I think this is a very reasonable question. It comes up often enough and deserves an answer. In fact, I see not one but two potential forums. Here is my take.
Rumors, followup ideas, small errors, minor comments and remarks on the paper. This is all worth doing on your own blog space. I see no need to make this kind of discussion "official". In fact, the diversity of blogs and opinions is a plus here: less "intimidation by experts", fewer worries about "degeneration" of the discussion, etc. Finally, typos and mistakes in the paper are responsibilities of the author - when you find them, email them to her/him and stop worrying about other readers. In short, I see no need for a single forum for a discussion of this kind.

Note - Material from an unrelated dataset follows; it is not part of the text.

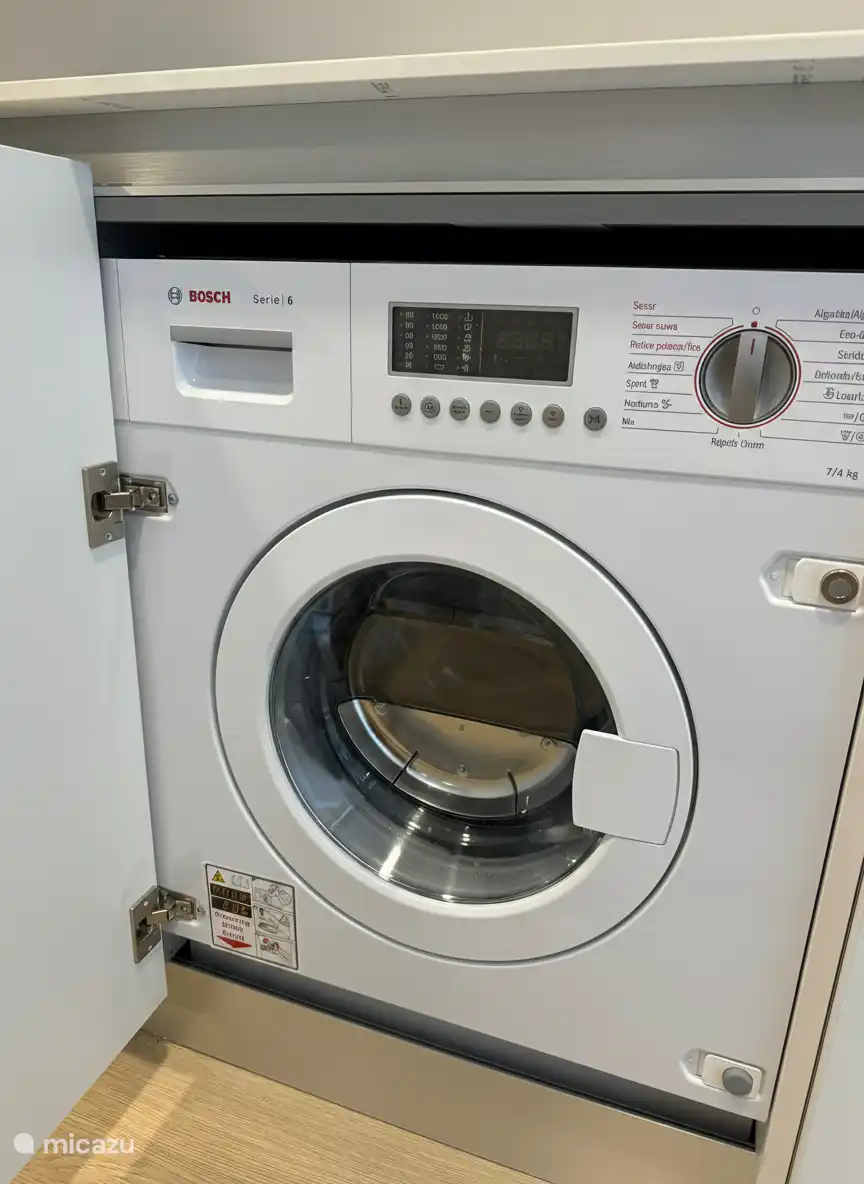 Wasmachine in appartement aanwezig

Serious comments, substantial remarks, delicate technical problems with the paper, etc. I think a blog or wiki type discussion forum is a too informal/unserious for contributions of this kind. On a positive side, there is a perfect forum for this kind of discussions: it's called the arXiv! Remember, the arXiv was never meant to be a only a "free storage" of published papers. It has moderators, calls uploaded papers "submissions", and once approved, calls them "publications". A great feature of arXiv is that you can store and advertise there the kind of work that you don't intend to publish in traditional journals. So if you have something important to say to everyone, don't be shy, follow Mnёv's example and post it on the arXiv (here are some other examples). Make sure to add hyperlinks to older arXiv papers if you want it to look more webby. Finally, there is already a great tool to explore forward arXiv citations. So why bother inventing a new forum whilewhen the one we have works fine, if only people used it more often for this purpose.